The history of Darul Islam offers another lesson that Indonesia would do well to study: when the leadership grows old or passive, a new militant wing emerges ready to fight. Ideological splits, policy differences and personality disputes have characterized DI from its revival in the early 1970s until the present. The best-known split in 1993 produced Jemaah Islamiyah, but other factions emerged as dissatisfaction mounted in 1999 and 2000 with DI’s do-nothing approach toward conflicts in Ambon and Poso. Noordin Top broke away from JI in 2003-4, taking his followers in a more militant direction. Most recently, the cross-organisational alliance that built a training camp in Aceh represented disaffected elements from a number of groups, all critical of JI’s withdrawal from active jihad.

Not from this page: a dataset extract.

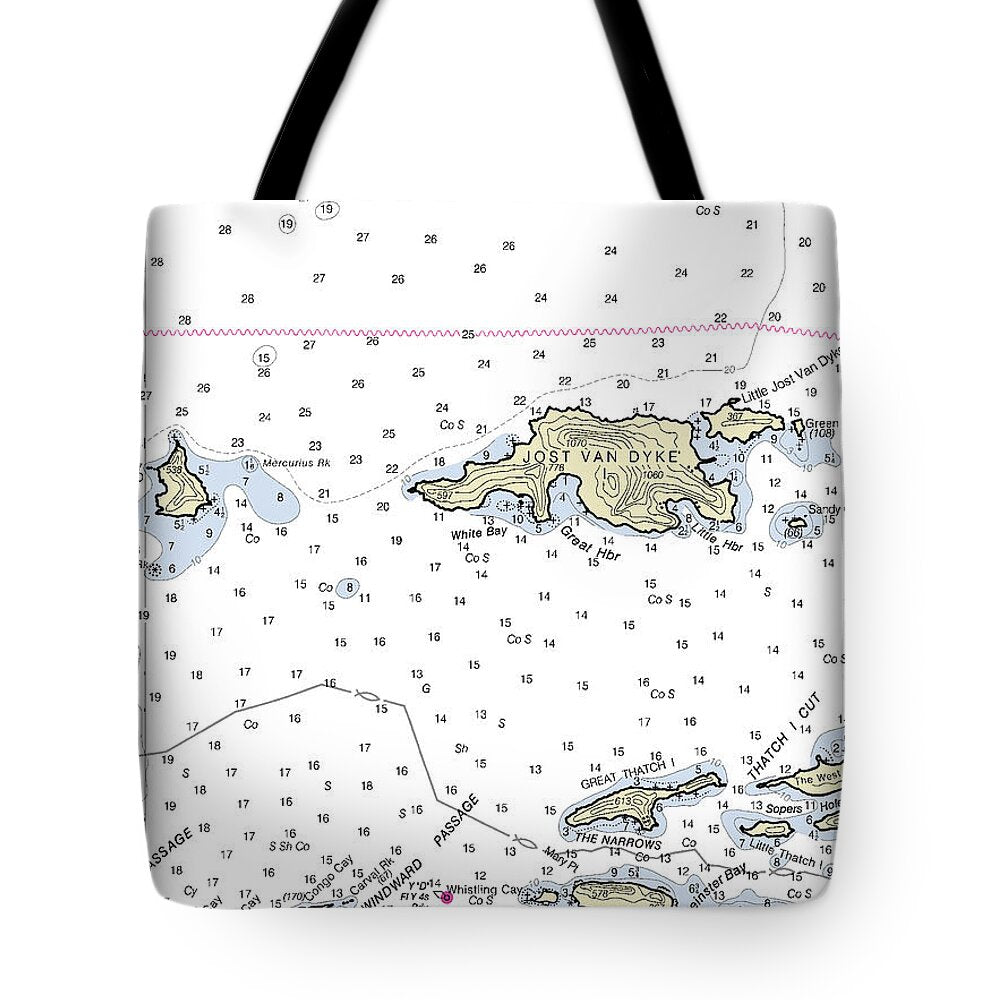 Jost Van Dyke Virgin Islands Nautical Chart - Tote Bag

Darul Islam is not a museum piece – now more than half a century old, it continues to evolve, its offshoots continue to constitute the core of militant Islam in Indonesia, and the idea of an Islamic state continues to resonate with new generations.

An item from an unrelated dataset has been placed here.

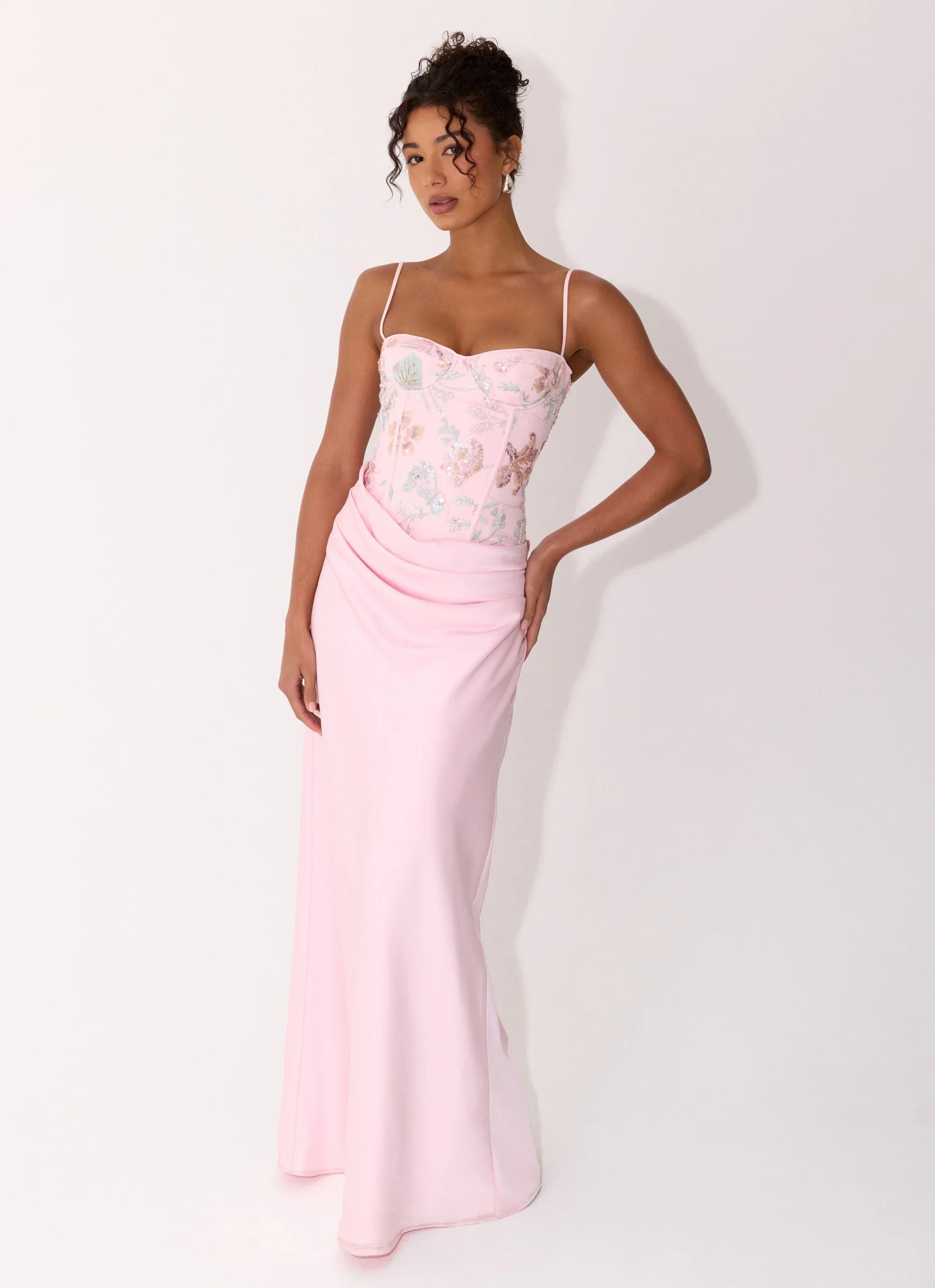 Euphoric Beaded Maxi Dress Pink Everbloom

Anyone who doubts the lasting power of Darul Islam to inspire young Indonesians should read the last testament of Iqbal alias Arnasan, one of the two suicide bombers in the first Bali bombing. He wrote to his friends and family in Malingping, West Java, a former DI stronghold:

"Remember, o mujahidin of Malingping, how our imam, SM Kartosuwirjo built and upheld and proclaimed the independence of the Islamic State of Indonesia with the blood and lives of martyrs, not by relaxing and fooling around the way we do today. If you are serious about see ing the glory of the buried Islamic State of Indonesia rise again, shed your blood so you will not be ashamed to face Allah, you who acknowledge yourselves to be children of DI/NII".